Он не мог знать в двадцатых годах, что его мечта о стране, «текущей медом и молоком», будет предана недальновидностью и эгоизмом обеих сторон. Его нельзя порицать ни за постыдное обхождение израильтян с палестинцами, ни за палестинский терроризм, ни за преобладающе прискорбное качество палестинского руководства. Его также нельзя винить за дезинтеграцию Ирака, если она на самом деле происходит сейчас.
Идея объединить три вилайета вслед за крахом Османской империи была в общем-то неплохой. Именно того, по словам арабских лидеров, они и желали, это и было им обещано – сильное унитарное арабское государство. Вряд ли можно ставить Черчиллю в вину, что не появился ни один иракский лидер, который мог бы с величием и благородством объединить страну.
Конечно, Черчилль понимал и осуждал угрозу исламского экстремизма, но его нельзя критиковать за провалы арабского руководства. Возможно, единственный путь прекратить межэтнический и раскольнический конфликт в лоскутном одеяле Ближнего Востока состоит в образовании новой Римской империи, наделенной безжалостным проконсульским насилием и системой принудительной верности центральной власти.

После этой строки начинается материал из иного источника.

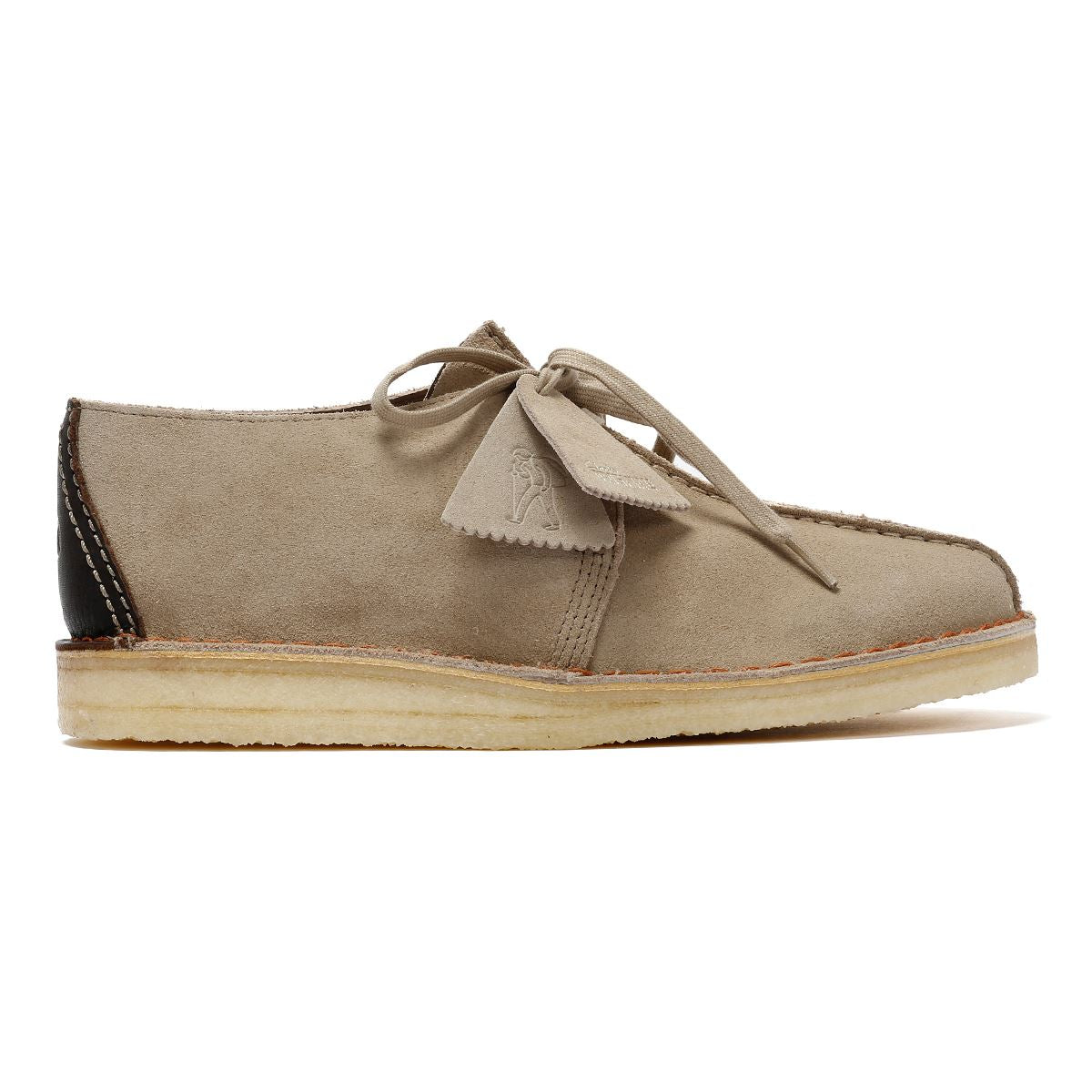 Clarks Originals Desert Trek Wildleder Herren Schnürschuhe In Beige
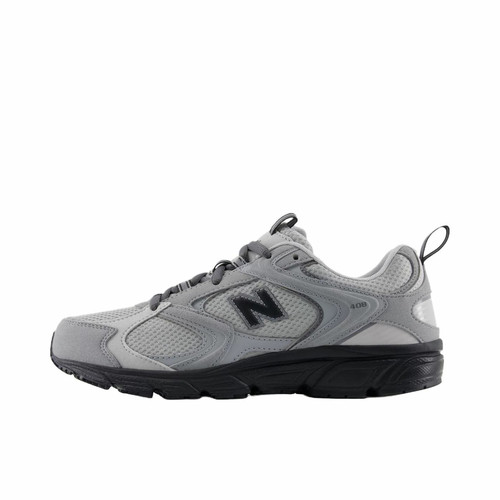 New Balance 408 织物透气防滑增高时尚休闲鞋 D宽/黑/灰河南wh仓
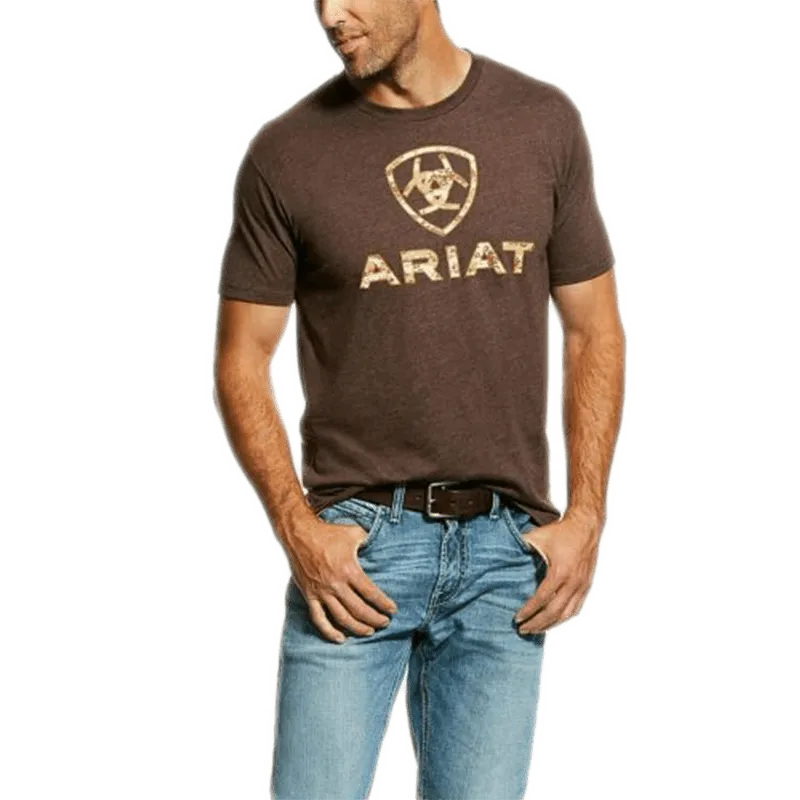 Ariat Men's Brown Liberty USA T-Shirt
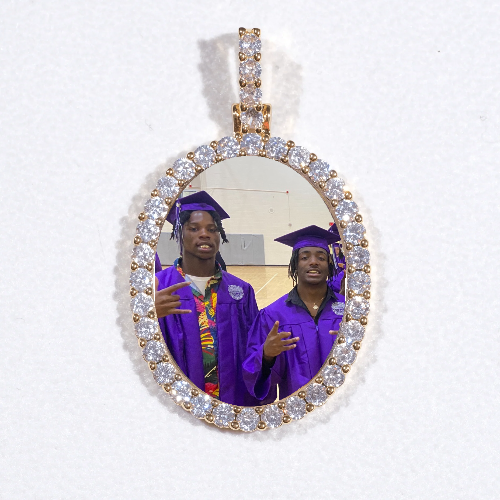 3D Oval Custom Picture Pendant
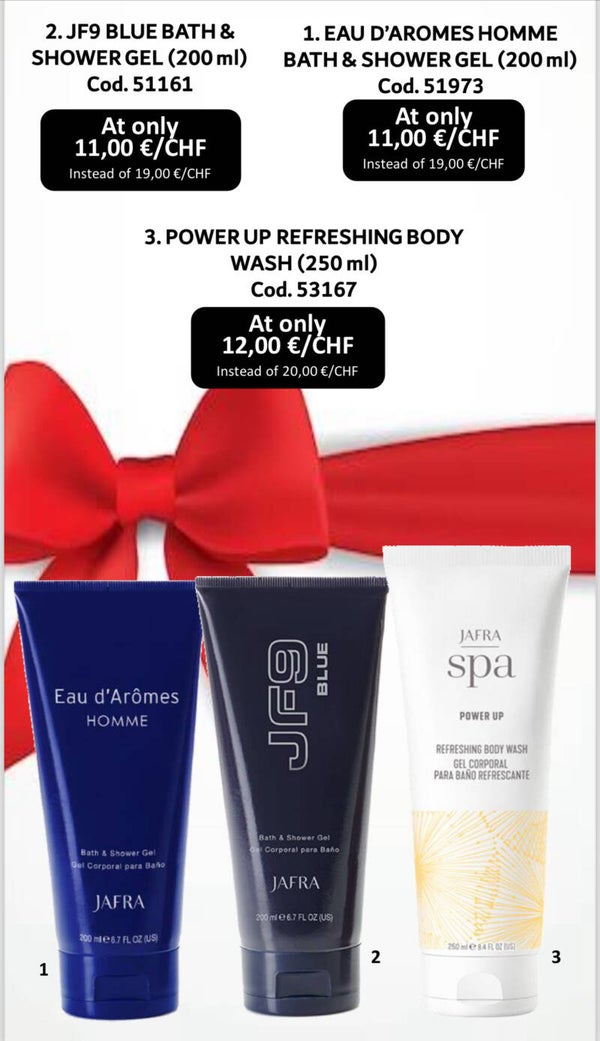 Set CYBER Shower gel family (4vaste producten) + GRATIS ROYAL ALMOND DOUCHEGEL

Это, однако, неприемлемо по многим причинам – и не получилось также у римлян, которые потерпели жестокое поражение вблизи Багдада.
Нельзя сказать, что идеалы Черчилля не привели ни к чему, они способствовали не увековечиванию Британской империи, а обеспечили ее разделение относительно достойным и эффективным образом. Один из парадоксов жизни Черчилля в том, что его цели свободы и демократии были поддержаны детьми империи, когда они вели кампанию за свою независимость.
Как указал Ричард Тойе, «Атлантическая хартия» 1941 г. не произвела особенного впечатления в Вашингтоне. Но она была услышана Нельсоном Манделой и другими африканскими лидерами.
Когда Черчилль стоял на яхте в 1961 г., конечно, были основания заявить, что он и его страна ослабли. Теперь он стар и немощен, а Британию обанкротила война, ее финансовые и военные мышцы сильно уменьшились – в Америке этот результат предвидели и потворствовали ему.
В собственной стране Черчилля настолько не хватало миллионеров, что ему пришлось воспользоваться гостеприимством Аристотеля Онассиса, социального выскочки, не чуждого криминальному миру. Он стоял под длинной тенью нью-йоркского Эмпайр-стейт-билдинг, по сравнению с этой башней Биг-Бен кажется карликом. Так же американский оборонный бюджет затмевает расходы на оборону всей Западной Европы, включая Британию.